» Task details: Every line below from the one containing "RS_Danna_UTA_GradSession_DFWPhotographer_TeddyGiles-14.jpg" through the one containing "Hotel Chiara Sirmione Dış mekan fotoğraf" is to be printed exactly, with the pictures omitted.

» Dataset content:
==*==

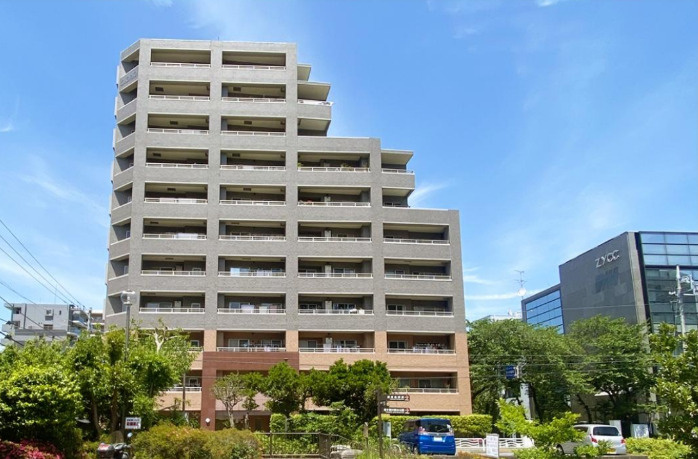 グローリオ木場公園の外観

==*==

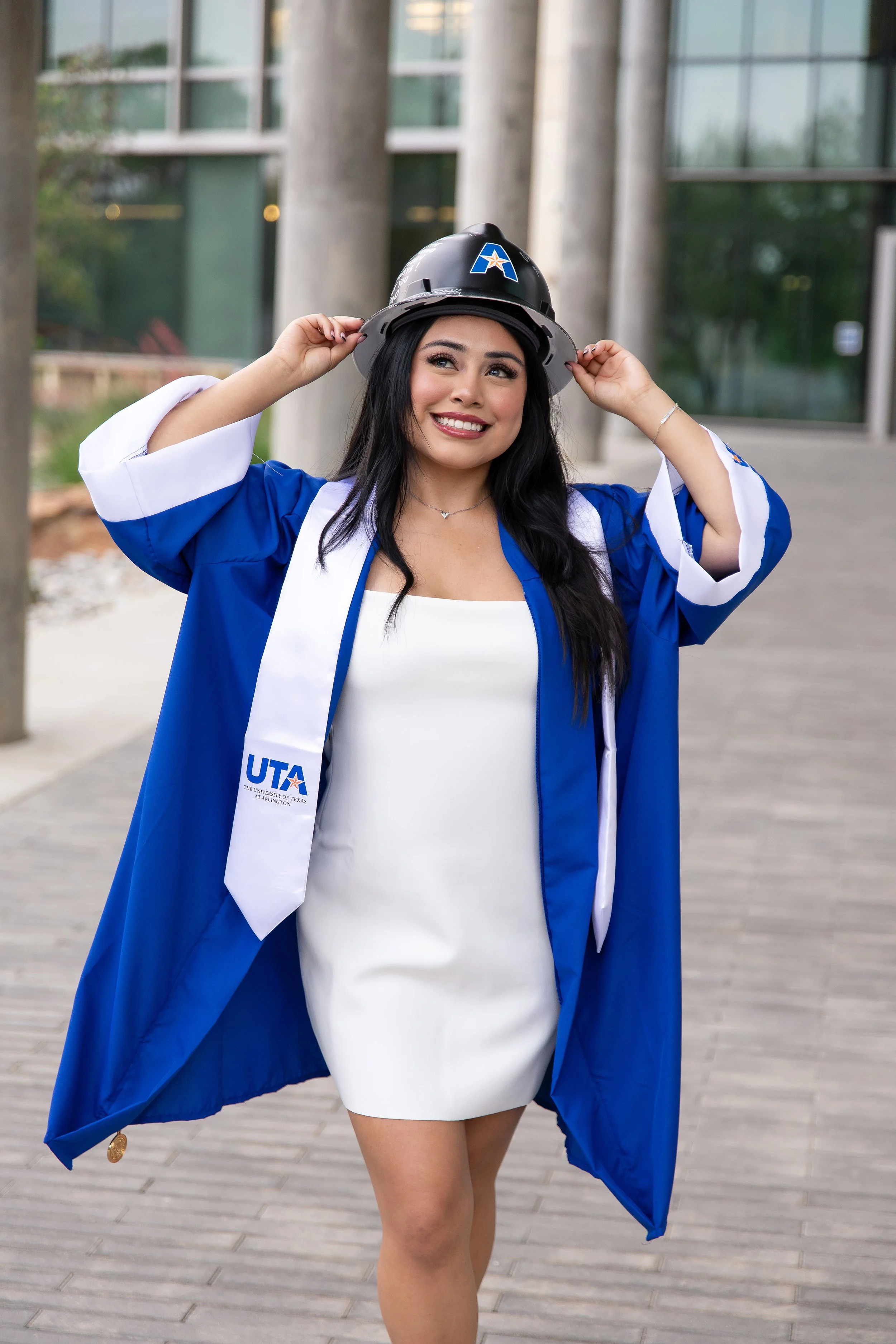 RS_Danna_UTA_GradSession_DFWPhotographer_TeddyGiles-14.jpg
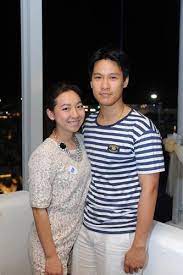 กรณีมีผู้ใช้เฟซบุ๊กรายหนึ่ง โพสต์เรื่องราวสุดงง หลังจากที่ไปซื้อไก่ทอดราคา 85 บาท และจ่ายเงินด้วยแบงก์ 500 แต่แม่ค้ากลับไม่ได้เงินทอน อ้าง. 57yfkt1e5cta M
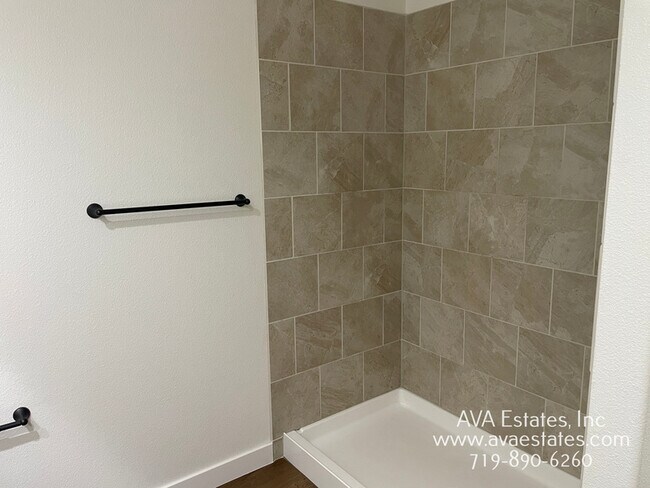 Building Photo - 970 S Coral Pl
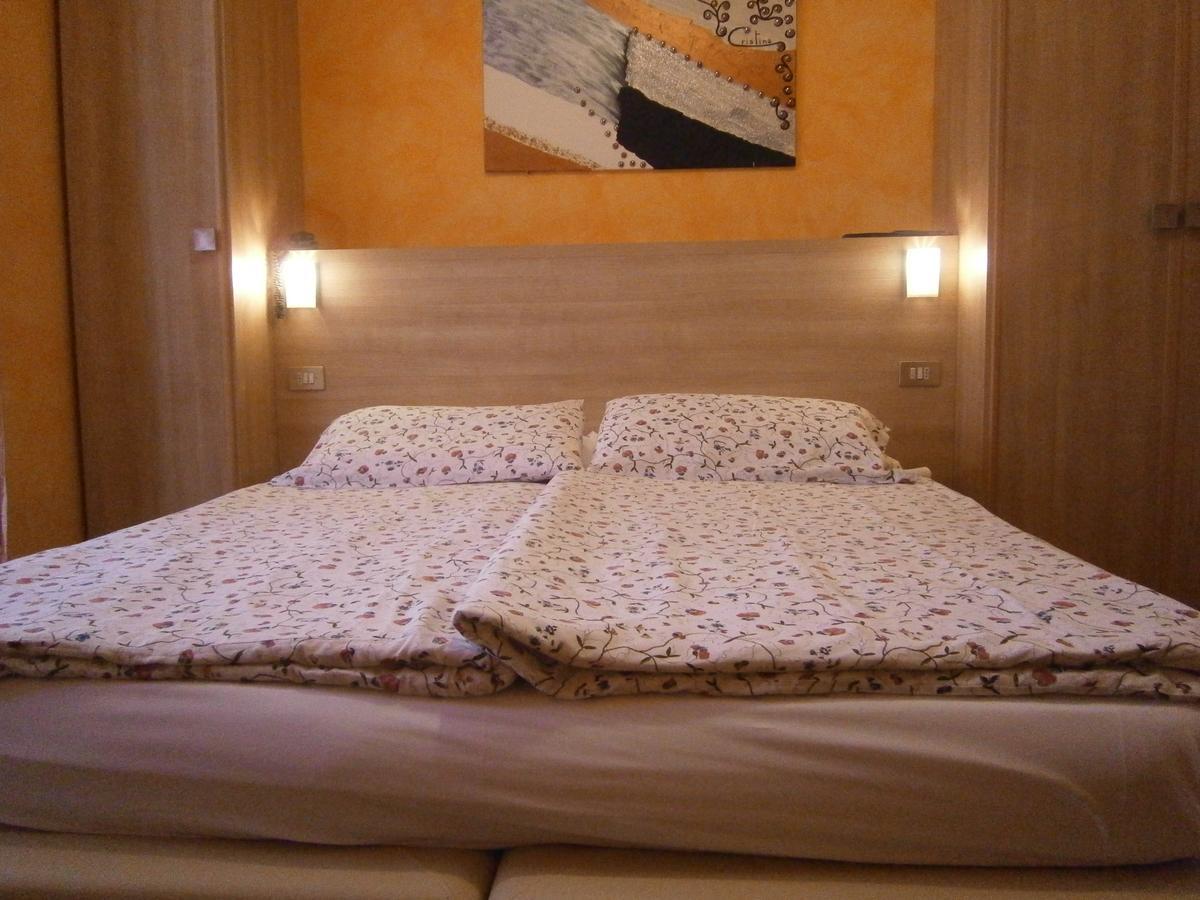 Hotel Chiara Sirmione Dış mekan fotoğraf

==*==

» Response area:
 RS_Danna_UTA_GradSession_DFWPhotographer_TeddyGiles-14.jpg
 กรณีมีผู้ใช้เฟซบุ๊กรายหนึ่ง โพสต์เรื่องราวสุดงง หลังจากที่ไปซื้อไก่ทอดราคา 85 บาท และจ่ายเงินด้วยแบงก์ 500 แต่แม่ค้ากลับไม่ได้เงินทอน อ้าง. 57yfkt1e5cta M
 Building Photo - 970 S Coral Pl
 Hotel Chiara Sirmione Dış mekan fotoğraf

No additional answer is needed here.